SQL Centre of Excellence

Few people are naturally “wide” enough to cover the whole of the SQL MCM with ease, and no I don't mean in terms of eating burgers, ice cream, beer and carbs.

When I went to Redmond, I knew that I was weak in clustering, replication and partitioning. I may have ahem “architected” some clusters while working for Microsoft Consultancy Services and even reviewed some design documents, best practices, etc but I had not actually got my hands dirty. It was getting embarrassing as sales guys were even saying “You have a SQL cluster issue, you need to speak to our guy Bob. Bob – show them what's wrong will you”. A friend who runs the dell training centre took me through a series of labs and we made clusters, broke them, player with quorum models, looked into logs, etc. After that one evening some weight was lifted off my shoulders. I could now start to merge the theory and practice a bit better with some affirmation from someone who has set up maybe hundreds of environments. I also stopped avoiding clusters like the plague.

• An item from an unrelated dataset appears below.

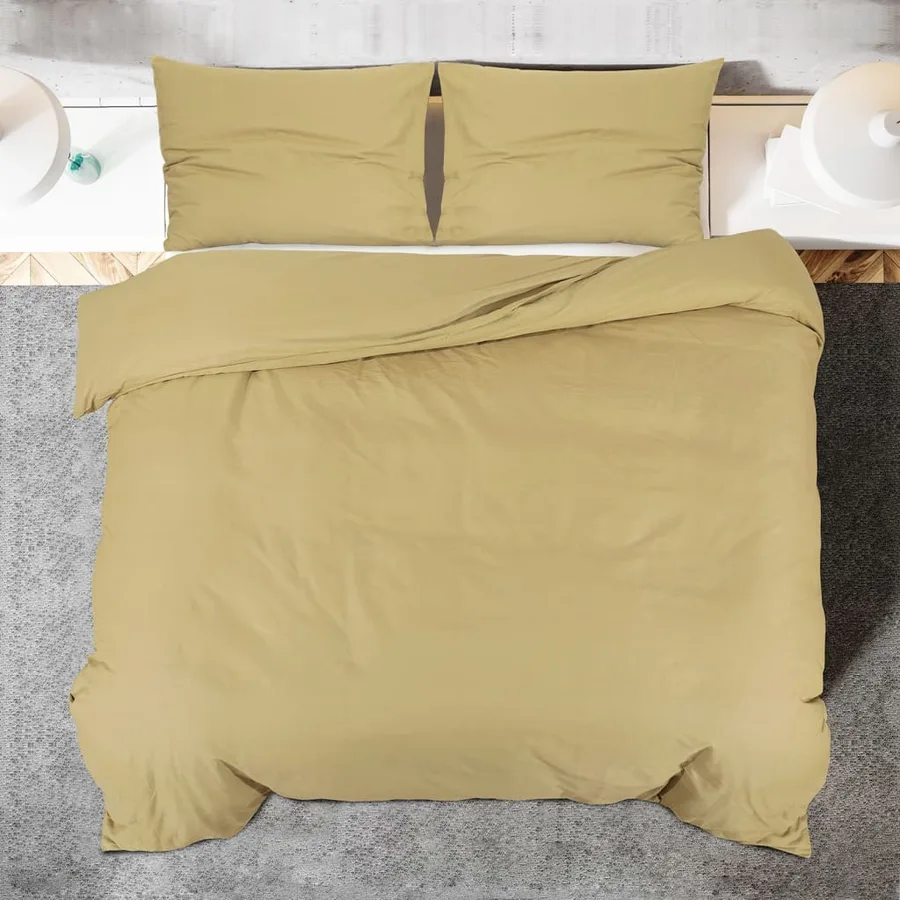 Ensemble de housse de couette Taupe 135x200 cm Microfibre - 5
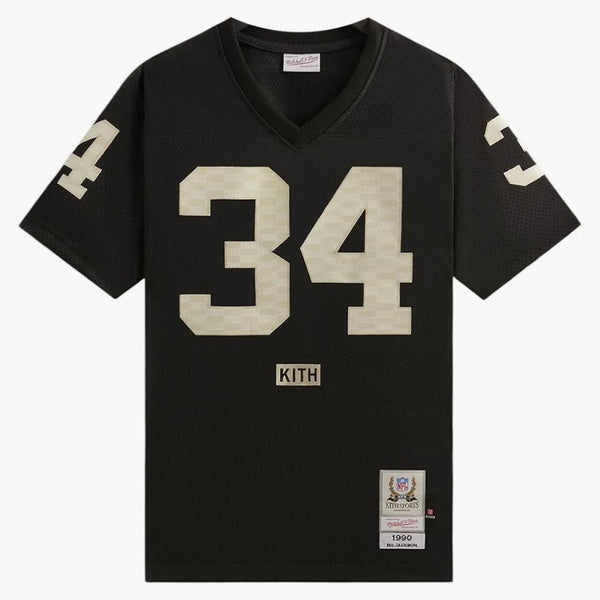 Kith X Mitchell & Ness Nfl Bo Jackson Jersey Black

Some advice. If you don’t have and know your weak areas, either your already already an MCM, MCA and BI Maestro (and your name is Dirk Gubbels). OR maybe you haven’t looked hard enough.

Find those weak areas and embrace them. If you are going for MCA don’t be afraid to make it clear on your skills, where they blur and where they end. In my MCA review board I was asked a truck load of questions on ITIL, operations and data centre manageability, I recommended that we bring in a team including an Ops consultant (for which I had some contact), and explained that while I could help them navigate through some of the (obvious) high level issues to engage deeper we needed a specialist rather than just myself. I was more a solution/technical design and infrastructure dude than hard core data centre operations. Expecting a ding, I actually got a comment from the review board of “solid – knows what he knows and what he doesn’t know”. So don’t expect to be an expert in everything. In the MCM you may have to guess some questions as its a Microsoft Learning exam but in MCA – don’t bullshit so much. In the real world you don’t need to personally be an expert in everything to get to the correct result.

If you have read the "http://blogs.prodata.ie/post/So-you-think-your-a-SQL-MCM-Test-Yourself-Part-I.aspx” here some more questions to test where your at. If you read these questions and say “that was fun, must check out 1-2 things” you are ready. If you read them and go “holy crap”, maybe you need to watch the videos some more and attend some of the level 400-500 training events that are going around.

Health Warning: These are not actual MCM questions. Just some questions to demonstrate the type depth I personally would expect to see. If you pass these questions and fail the MCM – sorry, I’ll buy you a beer…

Locking and Blocking

1. How can you see the locks for a specific SPID (two common methods)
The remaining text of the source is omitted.